THE MAN WITHIN MY HEAD
By Pico Iyer Knopf. 242 pp. $25.95
Artists are haunted by their influences. Picasso competed with Matisse, Jimi Hendrix tried to best Little Richard, and, after 50-plus books, Stephen King is still trying to outdo H.P. Lovecraft. For novelist and journalist Pico Iyer, one forebear looms so large that he’s written a book about him: “The Man Within My Head.”
“Graham Greene could never be a fantasy figure for me,” Iyer writes of the British author whose novels include “The Ministry of Fear,” “The Heart of the Matter” and “The Quiet American.” “If anything, as the product of the England where I grew up, he was part of all that I was trying to put behind me. . . . But there he is, in spite of everything.”
Don’t believe Iyer: It makes perfect sense that he would be a Greene superfan. Both felt out of place at boarding school; Iyer, a travel writer, calls Greene, who wrote many books about colonials, “the patron saint of the foreigner alone.” But the intensely serious and, occasionally, seriously ridiculous connections that Iyer traces between himself and Greene go beyond literary influence. Each saw his home burn down, feared dentists (for Greene a dentist was “really a priest in a different kind of white robe, administering suffering as a way . . . of keeping greater suffering at bay”) and lived in the shadow of his father. Greene’s was the headmaster at his boarding school, while Iyer’s was the Gandhi scholar Raghavan N. Iyer.
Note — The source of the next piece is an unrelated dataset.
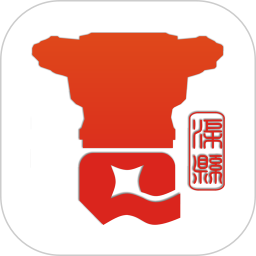 渠县网APP v5.2.46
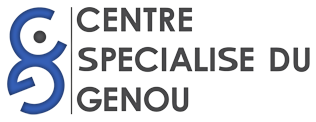 Centre Spécialisé du Genou - Le cabinet médical spécialisé en pathologies du genou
Why wouldn’t a British-born, Oxford-educated Indian author transplanted to California relate to another self-conscious, terminally uncomfortable novelist?
“An adopted father can never die,” says Iyer, who once wrote an introduction to a Greene short-story collection and even corresponded with the author. “That’s one of the great advantages he has over a real one.” This jumbled, impressionistic tribute doesn’t succeed as memoir or biography, but offers a window on a classic author’s formidable legacy.